11 de junio de 2013. Casa de la Cultura, Avilés.
Roque es un estudiante que no estudia. Pero aprende. De la mano de Paula, una joven profesora, y de Acevedo, un político veterano, entra y prospera en los entresijos propios de la conquista del poder. La vida universitaria es para él la forja (y antesala) de las habilidades (y debilidades) inherentes a la política.
En noviembre de 2011 había visto El estudiante en el festival de Gijón, donde ganó el premio a la mejor película (injustamente compartido con Declaración de guerra de Valérie Donzelli: la argentina es mucho mejor). Entre el sonido directo y los subtítulos en inglés me quedé con la impresión de que me había perdido parte de los diálogos. Así que me apetecía volver a verla y confirmar que el premio fue bien merecido. La teoría política en el aula y su práctica fuera de ella se conjugan en esta historia que documenta el ascenso de Roque en el movimiento estudiantil. Él es un animal político (en el sentido de Maquiavelo, no solo en el de Aristóteles) y sabe que sin cierto pragmatismo el radicalismo es inútil. Pero no todo vale para él. Su límite es la traición. Por eso tiene en cuenta la lección de aquel amigo de Acevedo que ironizaba sobre quienes cebando mate y asintiendo llegan a ser ministros. Roque se lo impedirá a quien le ha traicionado. Y lo hace en esa magnífica escena final en la que ceba mate pero dice no.
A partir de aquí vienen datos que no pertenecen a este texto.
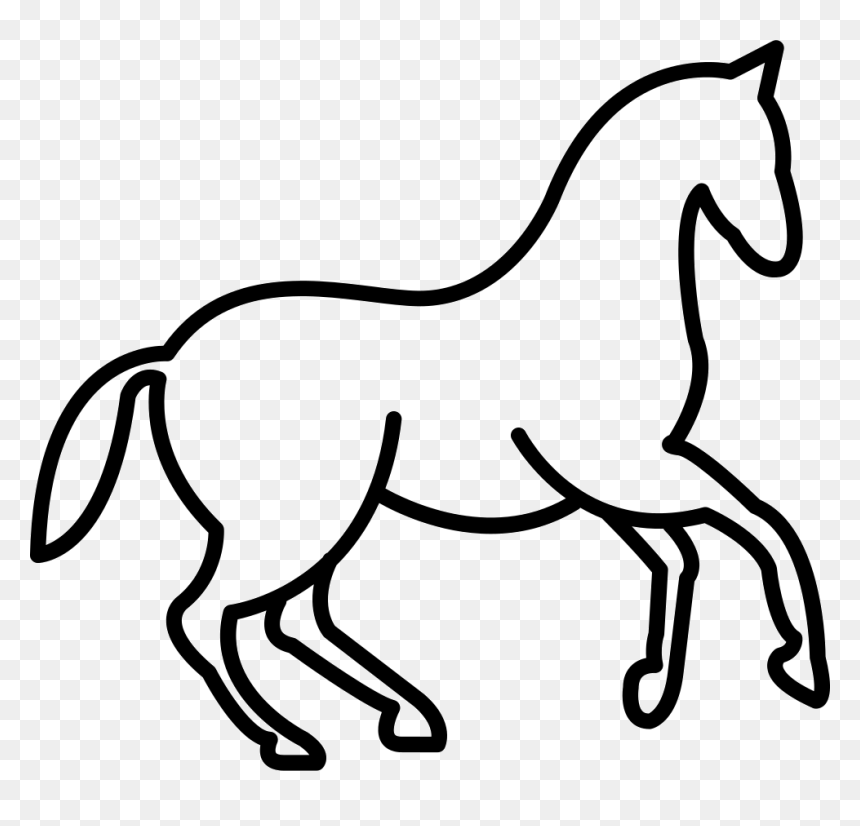 Dancing Horse Outline - Horse Outline Png, Transparent Png - horse outline png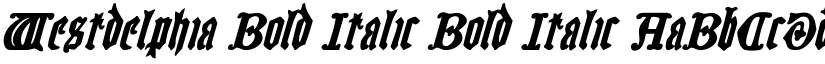Westdelphia Bold Italic Bold Italic font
El realismo político, pero también la ética y la estética de la política, se develan en esta interesante historia sobre temas bien próximos a los que aborda Spielberg en su última película. Las distancias entre un presidente y un estudiante, entre el siglo XIX y el XXI o entre Washington y Buenos Aires se quedan en nada si de lo que se trata es de mostrar (brillantemente) el ejercicio del poder.